Diffusion de l'hommage de chercheuses du groupe "Monde caraïbes et transatlantiques en mouvement" (MCTM) au professeur Jean-Pierre Sainton, décédé dans la nuit du 21 au 22 août 2023.
Au nom des chercheurs universitaires français et antillais, membres de notre groupe « Mondes caraïbes et transatlantiques en mouvement » (MCTM) et en mon nom propre, je voudrais exprimer l’immense peine qui nous a assailli.e.s lors de l’annonce du décès brutal de notre collègue Jean-Pierre Sainton.

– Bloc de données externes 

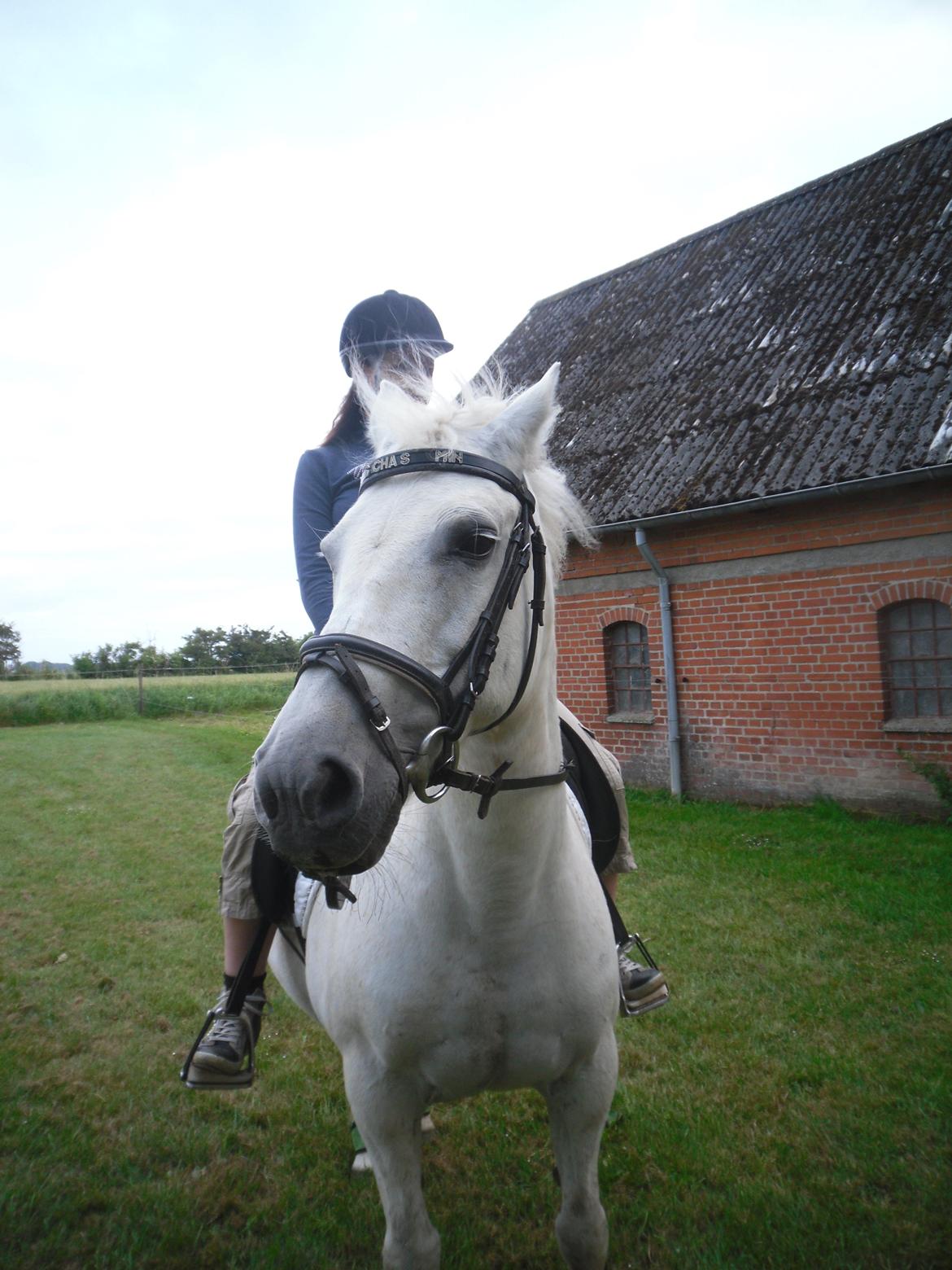 Connemara Schasmin billede 14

Nos pensées vont à son épouse et ses enfants, à sa famille et à ses ami.e.s, à ses camarades de combat, à ses étudiant.e.s. Nous voulions qu’il-elle.s sachent combien le rayonnement de la personnalité de Jean-Pierre est allé bien au-delà de l’espace caribéen et a nourri nos travaux et nos engagements. Repère de nos vies intellectuelles, Jean-Pierre représentait la rigueur, l’intelligence, la bienveillance mises au service d’une quête politique de justice destinée à défaire les aberrations de « la » domination, partout où elle s’exerce sur fond d’une colonialité restée invaincue.

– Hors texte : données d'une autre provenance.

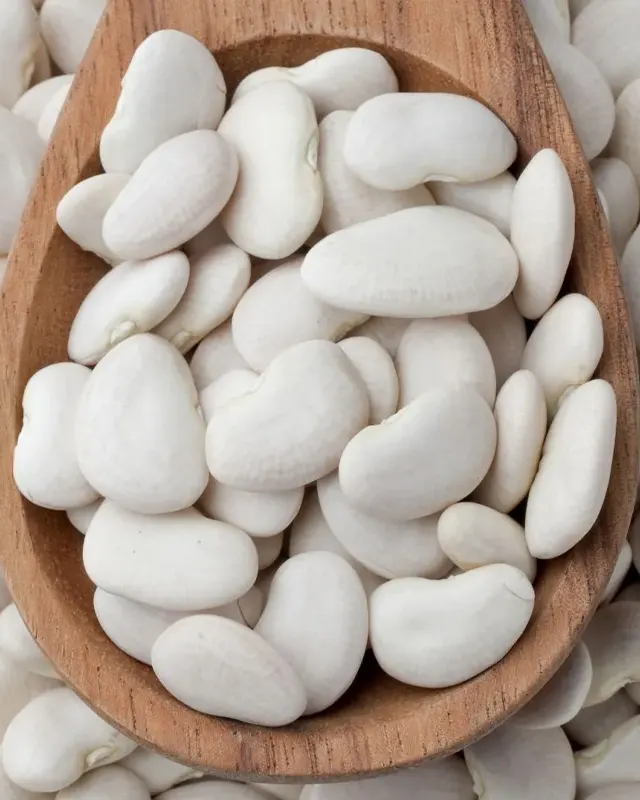 White Kidney Bean Extract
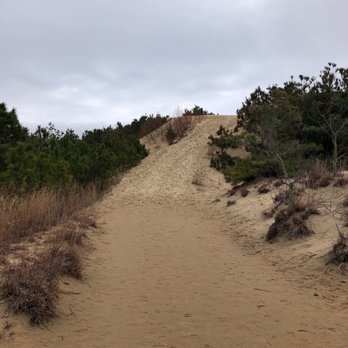 Jockey's Ridge State Park - Hike up - Parks Near Me - Nags Head, North Carolina Jockey's Ridge State Park - Hike up - Parks Near Me - Nags Head, North Carolina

J’ai eu la chance de travailler aux côtés de Jean-Pierre en participant au Master « Histoire, Civilisation, Patrimoine des Mondes caribéens et guyanais » qu’il a dirigé à l’Université des Antilles, la chance de partager des moments de colloques et autres rencontres universitaires, la chance de bénéficier de sa grande confiance, la chance de pouvoir lui confier mes doutes et de recevoir ses conseils, la chance d’être guidée par lui vers Fabien Marius-Hatchi aux Éditions Atlantiques déchaînés… Bien plus qu’un repère, Jean-Pierre appartenait à ces intellectuel.le.s antillais.e.s dont j’ai à cœur de dire qu’il-elle.s m’ont appris à penser par la fulgurance de leurs analyses animées par une humanité rare. Ses travaux ont été d’un apport considérable pour concevoir la continuité de la matrice coloniale dans ses formes les plus actuelles. Ils ont su démonter finement les rouages des reconversions successives de la vieille plantation esclavagiste confinant à la permanence d’un ordre ancien et aboutissant aujourd’hui à « La décolonisation improbable » (2012), une permanence dévastatrice habillée des atours trompeurs de la modernité, « la post Habitation, urbaine, mobile et consommatrice ». Il était venu aux séances de séminaire de notre groupe à Paris, avait participé à celle sur « Esclavage et capitalisme ».
La philosophe Elsa Dorlin, membre de MCTM, venait de publier un ouvrage avec lui à partir du travail précurseur qu’il avait accompli sur Mé 67 : mémoire d’un évènement (Guadeloupe, Mai 67. Massacrer et laisser mourir, Libertalia, 2022). Nous projetions une rencontre autour du livre en février prochain à la Martinique. Nous la maintiendrons pour dire combien Jean-Pierre a compté dans nos trajectoires et lui témoigner de notre respect indéfectible. Il nous laisse des écrits, un mode d’être en relation et des espoirs en ces précieuses générosités qui redonnent des dignités à nos vies.
Christine Chivallon, anthropologue CNRS et les membres du groupe MCTM, en particulier Elsa Dorlin, philosophe, Université Toulouse Jean Jaurès et Clara Palmiste, historienne, Université des Antilles.